Labeling

How do we label the data?

What determines a buying point, and when is a good time to sell any shares that one is in possession of? Looking at a chart of stock prices, perhaps the following rule will suffice:

For a price $P(t)$, a range $ t_i \in[t_{i,1}, t_{i,2}]$ is considered a buying region if for some time interval $t_f \in [t_{f,1}, t_{f,2}]$ where $t_{f,1} > t_{i,2}$, the prices $P(t_f) > \alpha P(t_i)$ for all $t_i, t_f$ and vice versa for a selling region. The constant $\alpha$ determines the $\textit{threshold}$ value for buying/selling.

Any prices that are not a buying point or a selling point will therefore be labeled a holding point.

Why not just buy or sell all the time?

In theory, a stock price could remain flat for its entire lifespan. In practice however, it often fluctuates in a (pseudo)random¹ fashion. Why do we need hold regions then?

This might seem like a stupid question to begin with, but when trying to define what a buying and selling point is, this question requires attention. From a pragmatic perspective, the determination of a hold point is perhaps trivial:

If for some buying region $\mathbf{B}$, a sale of any potential holdings in a following temporal region $\mathbf{H}$ does not yield any financial gains or losses, the region $\mathbf{H}$ is a holding region.

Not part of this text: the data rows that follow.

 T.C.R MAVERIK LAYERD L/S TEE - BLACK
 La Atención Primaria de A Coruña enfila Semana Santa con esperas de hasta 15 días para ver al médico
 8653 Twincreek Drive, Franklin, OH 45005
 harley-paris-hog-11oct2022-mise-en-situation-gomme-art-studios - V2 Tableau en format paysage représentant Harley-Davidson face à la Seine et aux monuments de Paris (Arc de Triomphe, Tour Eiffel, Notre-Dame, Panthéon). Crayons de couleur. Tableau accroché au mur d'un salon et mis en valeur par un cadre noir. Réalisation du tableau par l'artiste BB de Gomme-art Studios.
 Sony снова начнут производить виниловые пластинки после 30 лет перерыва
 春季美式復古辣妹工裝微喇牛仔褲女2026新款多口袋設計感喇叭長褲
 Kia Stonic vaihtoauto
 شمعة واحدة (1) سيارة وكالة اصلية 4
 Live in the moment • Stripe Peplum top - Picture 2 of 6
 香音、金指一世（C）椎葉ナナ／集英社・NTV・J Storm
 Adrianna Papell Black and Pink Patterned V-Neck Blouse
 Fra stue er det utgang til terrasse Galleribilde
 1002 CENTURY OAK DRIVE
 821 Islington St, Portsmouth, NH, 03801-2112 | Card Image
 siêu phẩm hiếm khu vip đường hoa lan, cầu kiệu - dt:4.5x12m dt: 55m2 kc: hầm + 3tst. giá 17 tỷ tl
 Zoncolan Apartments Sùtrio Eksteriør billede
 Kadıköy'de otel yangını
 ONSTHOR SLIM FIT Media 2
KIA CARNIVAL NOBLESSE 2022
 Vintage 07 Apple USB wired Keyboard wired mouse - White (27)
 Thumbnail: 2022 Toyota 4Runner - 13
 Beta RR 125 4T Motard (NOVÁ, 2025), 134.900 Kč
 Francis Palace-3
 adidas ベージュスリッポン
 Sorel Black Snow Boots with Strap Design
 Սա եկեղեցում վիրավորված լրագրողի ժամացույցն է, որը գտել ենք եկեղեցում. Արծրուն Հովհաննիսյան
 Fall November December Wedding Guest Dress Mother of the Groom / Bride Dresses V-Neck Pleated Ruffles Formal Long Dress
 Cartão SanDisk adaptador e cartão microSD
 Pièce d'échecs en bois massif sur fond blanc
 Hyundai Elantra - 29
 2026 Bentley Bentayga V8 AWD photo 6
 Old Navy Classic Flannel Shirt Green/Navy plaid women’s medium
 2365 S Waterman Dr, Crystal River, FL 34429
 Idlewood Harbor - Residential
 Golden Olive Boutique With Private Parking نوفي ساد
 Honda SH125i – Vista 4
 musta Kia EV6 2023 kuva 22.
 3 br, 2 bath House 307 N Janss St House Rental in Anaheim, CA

The only issue with this definition is that it very seldom happens that the net gain after a sale is exactly zero. If there are any financial gains associated with selling from a certain position, surely we should sell here?

Let us try another perspective. Let’s imagine that you just bought some amount of stocks at a time $t_i$. If a time travelling genie where to magically appear and tell you that the stock price in 15 minutes would be 1 point higher than it currently is, would you sell your position in 15 minutes? There are a lot of reasons to defend any decision you might choose to take. Lets take a look at some of the alternatives

Genie telling you trade secrets

Lets say you decide to sell because you know for a fact that you will make money of the situation. In this scenario, you have weighted the risk, which is potentially missing out on a bigger fish just down the road, and reward, which is the guarantee of some monetary gain. Either way, you have decided to set a threshold value for when to buy and when to sell.

If you decide to hold your position because you believe that at some time $t_f$, the price of a stock will yield even greater gains than selling 15 minutes into the future, you would still have to set some threshold value for when you would actually sell. Surely, waiting for an infinite amount of time is not a good idea, but somewhere in between might be.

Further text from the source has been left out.